ACTION: Notice of fees imposed on Surety Companies and Reinsuring
Companies.
-----------------------------------------------------------------------
SUMMARY: The Department of the Treasury, Bureau of the Fiscal Service,
is increasing the fees it imposes on and collects from surety companies
and reinsuring companies, effective January 1, 2023.
FOR FURTHER INFORMATION CONTACT: Melvin Saunders, at (304) 480-5108 or
[email protected]; or Bobbi McDonald, at (304) 480-
7098 or [email protected].
SUPPLEMENTARY INFORMATION: The Independent Offices Appropriations Act
of 1952 (IOAA), codified at 31 U.S.C. 9701, authorizes Federal agencies
to establish fees for a service or thing of value provided by the
agency to members of the public. Office of Management and Budget
Circular A-25 allows agencies to impose user fees for services that
confer a special benefit to identifiable recipients beyond those
accruing to the general public. Pursuant to 31 CFR 223.22, Treasury
imposes fees on surety companies and reinsuring companies seeking to
obtain or renew certification or recognition from Treasury. The fees
imposed and collected cover the costs incurred by the Government for
services performed reviewing, analyzing, and evaluating the companies'
applications, financial statements, and other information. Treasury
determines the amount of fees in accordance with the IOAA and the
Office of Management and Budget Circular A-25, as amended.

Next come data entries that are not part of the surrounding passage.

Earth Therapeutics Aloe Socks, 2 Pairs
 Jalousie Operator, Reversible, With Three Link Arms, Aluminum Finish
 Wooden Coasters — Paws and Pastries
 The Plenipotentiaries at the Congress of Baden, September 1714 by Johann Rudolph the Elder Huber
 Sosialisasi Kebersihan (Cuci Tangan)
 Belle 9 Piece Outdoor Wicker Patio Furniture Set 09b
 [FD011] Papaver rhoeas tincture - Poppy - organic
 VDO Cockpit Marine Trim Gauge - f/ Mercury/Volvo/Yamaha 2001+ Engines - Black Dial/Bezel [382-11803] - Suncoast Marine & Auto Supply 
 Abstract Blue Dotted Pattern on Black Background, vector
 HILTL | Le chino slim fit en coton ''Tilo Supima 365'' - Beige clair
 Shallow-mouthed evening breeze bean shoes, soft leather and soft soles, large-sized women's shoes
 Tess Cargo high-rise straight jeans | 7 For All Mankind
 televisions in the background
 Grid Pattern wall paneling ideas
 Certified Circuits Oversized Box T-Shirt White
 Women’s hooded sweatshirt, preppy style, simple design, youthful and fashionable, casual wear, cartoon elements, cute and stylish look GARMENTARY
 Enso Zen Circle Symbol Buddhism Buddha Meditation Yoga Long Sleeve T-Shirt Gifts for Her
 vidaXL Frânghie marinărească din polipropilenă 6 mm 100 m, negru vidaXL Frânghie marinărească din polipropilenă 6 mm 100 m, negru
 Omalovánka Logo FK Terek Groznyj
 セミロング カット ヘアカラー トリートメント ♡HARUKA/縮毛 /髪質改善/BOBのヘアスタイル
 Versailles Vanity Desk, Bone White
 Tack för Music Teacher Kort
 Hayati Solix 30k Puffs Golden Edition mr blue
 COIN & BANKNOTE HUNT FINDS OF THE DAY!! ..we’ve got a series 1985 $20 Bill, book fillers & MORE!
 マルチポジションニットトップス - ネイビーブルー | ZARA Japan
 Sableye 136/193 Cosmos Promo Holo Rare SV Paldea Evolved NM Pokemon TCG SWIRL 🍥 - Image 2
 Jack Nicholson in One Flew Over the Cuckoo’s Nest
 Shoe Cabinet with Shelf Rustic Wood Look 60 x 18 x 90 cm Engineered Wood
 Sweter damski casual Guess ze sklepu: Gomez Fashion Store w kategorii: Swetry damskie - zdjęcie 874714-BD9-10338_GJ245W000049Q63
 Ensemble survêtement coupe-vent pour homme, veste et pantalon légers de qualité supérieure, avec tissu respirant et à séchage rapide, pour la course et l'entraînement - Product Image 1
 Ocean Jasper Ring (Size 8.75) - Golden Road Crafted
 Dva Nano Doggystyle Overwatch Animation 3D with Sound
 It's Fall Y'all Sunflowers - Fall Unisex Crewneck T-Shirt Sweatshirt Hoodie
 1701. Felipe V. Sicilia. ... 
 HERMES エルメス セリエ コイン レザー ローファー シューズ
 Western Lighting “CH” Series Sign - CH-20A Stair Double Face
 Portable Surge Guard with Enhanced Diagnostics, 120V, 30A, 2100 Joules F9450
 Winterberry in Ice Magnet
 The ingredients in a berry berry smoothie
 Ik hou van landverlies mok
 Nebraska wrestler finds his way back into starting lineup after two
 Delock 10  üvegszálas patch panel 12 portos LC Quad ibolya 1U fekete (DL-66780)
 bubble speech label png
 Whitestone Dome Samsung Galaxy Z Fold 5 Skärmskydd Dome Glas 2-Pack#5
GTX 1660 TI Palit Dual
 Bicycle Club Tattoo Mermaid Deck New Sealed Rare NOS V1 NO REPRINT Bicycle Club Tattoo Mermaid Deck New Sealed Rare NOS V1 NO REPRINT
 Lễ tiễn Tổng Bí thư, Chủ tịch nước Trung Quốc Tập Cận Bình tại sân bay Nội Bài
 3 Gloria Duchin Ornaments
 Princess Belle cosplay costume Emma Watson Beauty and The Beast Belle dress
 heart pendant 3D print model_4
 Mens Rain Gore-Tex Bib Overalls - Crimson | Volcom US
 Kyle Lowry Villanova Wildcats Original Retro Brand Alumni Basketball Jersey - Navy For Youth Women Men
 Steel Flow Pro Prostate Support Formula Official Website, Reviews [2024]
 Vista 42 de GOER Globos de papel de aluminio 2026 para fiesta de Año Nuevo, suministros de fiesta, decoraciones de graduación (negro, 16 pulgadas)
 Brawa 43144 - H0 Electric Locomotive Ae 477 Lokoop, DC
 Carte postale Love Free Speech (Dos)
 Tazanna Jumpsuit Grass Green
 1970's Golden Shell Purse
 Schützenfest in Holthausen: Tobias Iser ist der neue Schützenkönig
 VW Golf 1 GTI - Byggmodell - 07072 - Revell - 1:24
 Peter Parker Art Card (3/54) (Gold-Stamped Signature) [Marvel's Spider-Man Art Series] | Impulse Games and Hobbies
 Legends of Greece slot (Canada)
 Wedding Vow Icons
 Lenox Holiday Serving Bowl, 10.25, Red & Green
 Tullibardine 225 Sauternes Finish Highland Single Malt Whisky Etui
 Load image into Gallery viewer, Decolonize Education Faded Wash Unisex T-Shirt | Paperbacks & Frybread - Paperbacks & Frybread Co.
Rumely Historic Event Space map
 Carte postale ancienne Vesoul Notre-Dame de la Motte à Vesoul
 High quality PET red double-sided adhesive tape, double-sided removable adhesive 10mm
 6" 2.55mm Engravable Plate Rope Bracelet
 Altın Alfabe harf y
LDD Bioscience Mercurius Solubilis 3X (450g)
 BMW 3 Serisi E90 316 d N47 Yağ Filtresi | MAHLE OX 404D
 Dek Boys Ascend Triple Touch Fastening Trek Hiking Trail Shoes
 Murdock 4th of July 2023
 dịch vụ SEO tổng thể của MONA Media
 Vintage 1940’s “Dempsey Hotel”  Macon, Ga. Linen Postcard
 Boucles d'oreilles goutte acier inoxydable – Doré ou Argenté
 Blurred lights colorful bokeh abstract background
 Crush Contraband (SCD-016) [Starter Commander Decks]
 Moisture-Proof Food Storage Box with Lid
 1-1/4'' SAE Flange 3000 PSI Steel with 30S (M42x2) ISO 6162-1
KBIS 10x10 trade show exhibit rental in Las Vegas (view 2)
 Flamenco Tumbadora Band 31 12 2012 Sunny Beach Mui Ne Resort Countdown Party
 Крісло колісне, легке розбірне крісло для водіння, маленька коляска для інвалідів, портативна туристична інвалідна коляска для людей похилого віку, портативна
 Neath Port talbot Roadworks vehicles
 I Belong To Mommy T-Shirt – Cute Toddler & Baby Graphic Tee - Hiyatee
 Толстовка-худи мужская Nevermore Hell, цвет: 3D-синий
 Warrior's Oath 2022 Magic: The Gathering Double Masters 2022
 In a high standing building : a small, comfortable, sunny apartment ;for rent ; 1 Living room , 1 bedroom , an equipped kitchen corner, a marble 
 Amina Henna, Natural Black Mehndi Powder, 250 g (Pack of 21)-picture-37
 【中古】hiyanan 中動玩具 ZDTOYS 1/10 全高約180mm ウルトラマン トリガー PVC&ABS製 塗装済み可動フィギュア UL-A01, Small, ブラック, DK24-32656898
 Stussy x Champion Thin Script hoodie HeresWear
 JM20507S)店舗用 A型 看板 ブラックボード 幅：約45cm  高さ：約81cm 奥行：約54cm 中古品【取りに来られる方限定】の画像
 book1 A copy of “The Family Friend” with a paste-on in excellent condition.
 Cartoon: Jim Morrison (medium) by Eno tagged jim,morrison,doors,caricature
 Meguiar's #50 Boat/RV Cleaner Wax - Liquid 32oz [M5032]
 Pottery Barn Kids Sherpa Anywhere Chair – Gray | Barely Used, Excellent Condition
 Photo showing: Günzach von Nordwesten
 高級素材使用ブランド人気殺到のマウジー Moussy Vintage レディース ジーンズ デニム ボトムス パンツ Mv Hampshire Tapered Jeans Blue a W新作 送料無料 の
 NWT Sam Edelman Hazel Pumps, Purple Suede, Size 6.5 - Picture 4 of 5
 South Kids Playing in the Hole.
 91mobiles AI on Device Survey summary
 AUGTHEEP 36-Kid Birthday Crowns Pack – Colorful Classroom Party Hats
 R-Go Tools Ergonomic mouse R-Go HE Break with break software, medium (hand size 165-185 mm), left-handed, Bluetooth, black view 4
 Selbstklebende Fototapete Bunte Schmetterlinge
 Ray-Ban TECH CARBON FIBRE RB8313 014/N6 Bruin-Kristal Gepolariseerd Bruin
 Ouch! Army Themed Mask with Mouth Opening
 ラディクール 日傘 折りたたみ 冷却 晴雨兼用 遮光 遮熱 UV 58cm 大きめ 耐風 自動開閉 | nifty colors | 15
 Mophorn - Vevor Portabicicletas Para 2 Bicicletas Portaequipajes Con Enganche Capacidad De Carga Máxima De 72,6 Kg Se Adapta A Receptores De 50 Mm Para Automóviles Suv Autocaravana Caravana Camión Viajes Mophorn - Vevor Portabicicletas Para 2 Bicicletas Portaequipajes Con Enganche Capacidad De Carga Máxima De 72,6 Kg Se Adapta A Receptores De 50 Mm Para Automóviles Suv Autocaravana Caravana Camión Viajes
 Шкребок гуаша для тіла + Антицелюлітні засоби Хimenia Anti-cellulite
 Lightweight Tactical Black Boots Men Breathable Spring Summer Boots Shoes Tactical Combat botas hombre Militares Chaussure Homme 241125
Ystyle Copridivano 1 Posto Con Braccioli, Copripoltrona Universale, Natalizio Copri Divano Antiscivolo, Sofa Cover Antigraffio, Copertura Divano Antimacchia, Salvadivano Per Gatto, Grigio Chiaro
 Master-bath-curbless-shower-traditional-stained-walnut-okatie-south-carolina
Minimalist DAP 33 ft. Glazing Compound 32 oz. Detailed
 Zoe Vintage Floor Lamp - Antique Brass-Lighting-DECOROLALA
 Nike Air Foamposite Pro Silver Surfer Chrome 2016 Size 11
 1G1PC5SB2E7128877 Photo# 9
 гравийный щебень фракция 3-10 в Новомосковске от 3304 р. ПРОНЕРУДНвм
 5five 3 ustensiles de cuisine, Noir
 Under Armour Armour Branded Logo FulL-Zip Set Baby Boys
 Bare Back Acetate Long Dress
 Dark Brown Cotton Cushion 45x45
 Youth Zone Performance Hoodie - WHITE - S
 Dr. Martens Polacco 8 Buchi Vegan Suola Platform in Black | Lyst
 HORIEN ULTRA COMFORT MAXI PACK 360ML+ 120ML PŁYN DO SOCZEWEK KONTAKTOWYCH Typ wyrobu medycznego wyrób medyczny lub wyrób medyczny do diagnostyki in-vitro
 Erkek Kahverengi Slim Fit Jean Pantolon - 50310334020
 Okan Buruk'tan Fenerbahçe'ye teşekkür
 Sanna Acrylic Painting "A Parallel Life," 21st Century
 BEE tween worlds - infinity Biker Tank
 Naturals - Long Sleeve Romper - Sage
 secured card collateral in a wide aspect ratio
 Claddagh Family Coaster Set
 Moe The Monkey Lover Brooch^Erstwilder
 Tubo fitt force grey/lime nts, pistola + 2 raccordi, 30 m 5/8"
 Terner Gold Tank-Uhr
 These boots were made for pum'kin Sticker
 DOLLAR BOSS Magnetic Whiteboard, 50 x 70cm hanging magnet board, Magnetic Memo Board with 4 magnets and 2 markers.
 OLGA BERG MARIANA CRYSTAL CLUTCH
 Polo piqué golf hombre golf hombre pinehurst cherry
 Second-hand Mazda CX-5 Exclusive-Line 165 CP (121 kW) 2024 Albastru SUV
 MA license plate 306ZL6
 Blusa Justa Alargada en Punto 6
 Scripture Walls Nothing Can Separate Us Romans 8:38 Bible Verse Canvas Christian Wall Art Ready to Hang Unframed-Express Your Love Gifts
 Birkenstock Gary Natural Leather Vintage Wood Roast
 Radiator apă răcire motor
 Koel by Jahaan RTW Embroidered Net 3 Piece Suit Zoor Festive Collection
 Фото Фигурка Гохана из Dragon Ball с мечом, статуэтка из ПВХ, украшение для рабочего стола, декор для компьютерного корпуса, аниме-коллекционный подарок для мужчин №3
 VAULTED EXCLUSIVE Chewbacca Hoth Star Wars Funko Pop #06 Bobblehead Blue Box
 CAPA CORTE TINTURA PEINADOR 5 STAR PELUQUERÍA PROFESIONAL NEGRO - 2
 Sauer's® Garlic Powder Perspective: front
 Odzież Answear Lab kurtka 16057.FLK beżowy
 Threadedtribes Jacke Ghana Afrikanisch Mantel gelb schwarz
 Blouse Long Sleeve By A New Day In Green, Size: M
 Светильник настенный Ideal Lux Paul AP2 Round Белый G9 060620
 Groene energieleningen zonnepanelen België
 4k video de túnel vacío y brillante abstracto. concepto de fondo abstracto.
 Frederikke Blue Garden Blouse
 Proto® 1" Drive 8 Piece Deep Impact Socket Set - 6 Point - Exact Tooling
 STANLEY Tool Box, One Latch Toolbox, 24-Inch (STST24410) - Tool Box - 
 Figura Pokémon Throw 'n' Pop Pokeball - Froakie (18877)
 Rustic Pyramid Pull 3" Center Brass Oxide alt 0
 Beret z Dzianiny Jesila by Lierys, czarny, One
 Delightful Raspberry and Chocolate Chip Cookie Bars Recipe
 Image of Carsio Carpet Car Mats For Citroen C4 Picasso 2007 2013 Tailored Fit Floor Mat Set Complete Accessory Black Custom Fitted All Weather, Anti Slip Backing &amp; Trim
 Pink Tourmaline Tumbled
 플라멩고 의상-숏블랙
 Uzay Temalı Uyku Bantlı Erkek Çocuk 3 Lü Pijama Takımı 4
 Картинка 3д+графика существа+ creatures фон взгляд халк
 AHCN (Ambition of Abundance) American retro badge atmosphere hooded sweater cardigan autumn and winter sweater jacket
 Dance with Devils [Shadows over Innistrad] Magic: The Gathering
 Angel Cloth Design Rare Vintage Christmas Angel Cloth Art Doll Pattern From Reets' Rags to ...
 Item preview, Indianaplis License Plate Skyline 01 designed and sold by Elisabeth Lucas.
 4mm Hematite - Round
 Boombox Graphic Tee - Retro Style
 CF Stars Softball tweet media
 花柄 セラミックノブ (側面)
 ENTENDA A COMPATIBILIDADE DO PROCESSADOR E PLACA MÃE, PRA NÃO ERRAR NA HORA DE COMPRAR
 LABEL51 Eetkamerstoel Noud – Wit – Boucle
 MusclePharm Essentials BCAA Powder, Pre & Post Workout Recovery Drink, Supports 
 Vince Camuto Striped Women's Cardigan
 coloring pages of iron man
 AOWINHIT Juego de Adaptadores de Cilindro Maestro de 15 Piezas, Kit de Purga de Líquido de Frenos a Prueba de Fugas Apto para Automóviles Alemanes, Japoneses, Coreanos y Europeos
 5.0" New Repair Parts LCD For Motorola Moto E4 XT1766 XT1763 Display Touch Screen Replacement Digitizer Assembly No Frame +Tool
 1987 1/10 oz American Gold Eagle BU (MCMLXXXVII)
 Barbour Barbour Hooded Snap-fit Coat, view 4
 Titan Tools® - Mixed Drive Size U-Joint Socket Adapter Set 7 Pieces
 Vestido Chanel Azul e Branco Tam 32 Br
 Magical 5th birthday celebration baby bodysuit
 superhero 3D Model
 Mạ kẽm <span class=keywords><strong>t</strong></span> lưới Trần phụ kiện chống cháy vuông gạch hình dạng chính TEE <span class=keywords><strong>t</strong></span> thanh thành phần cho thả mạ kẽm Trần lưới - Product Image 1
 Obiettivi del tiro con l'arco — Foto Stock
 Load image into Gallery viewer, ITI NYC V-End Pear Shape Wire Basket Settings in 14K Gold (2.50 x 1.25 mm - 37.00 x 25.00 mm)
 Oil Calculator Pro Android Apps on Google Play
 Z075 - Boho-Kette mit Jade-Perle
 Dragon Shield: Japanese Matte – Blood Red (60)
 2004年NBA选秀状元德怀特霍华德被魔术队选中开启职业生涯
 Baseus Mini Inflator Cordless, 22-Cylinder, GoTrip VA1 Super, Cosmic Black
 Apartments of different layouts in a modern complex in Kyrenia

The change
in fees is the result of a thorough analysis of costs associated with
the corporate federal surety bond program.
The new fee rate schedule is as follows:
(1) Examination of a company's application for a Certificate of
Authority as an acceptable surety or as an acceptable reinsuring
company on Federal bonds: $11,300.
(2) Determination of a company's continued qualification for annual
renewal of its Certificate of Authority: $ 7,000.
(3) Examination of a company's application for recognition as an
Admitted Reinsurer: $4,100.
(4) Determination of a company's continued qualification for annual
renewal of its authority as an Admitted Reinsurer: $2,900.
Questions concerning this notice should be directed to the Surety
Bond Branch, Special Assets and Liabilities Division, Bureau of the
Fiscal Service, Surety Bonds (A-1G), 257 Bosley Industrial Drive,
Parkersburg, WV 26106, Telephone (304) 480-6635.
Timothy E. Gribben,
Commissioner, Bureau of the Fiscal Service.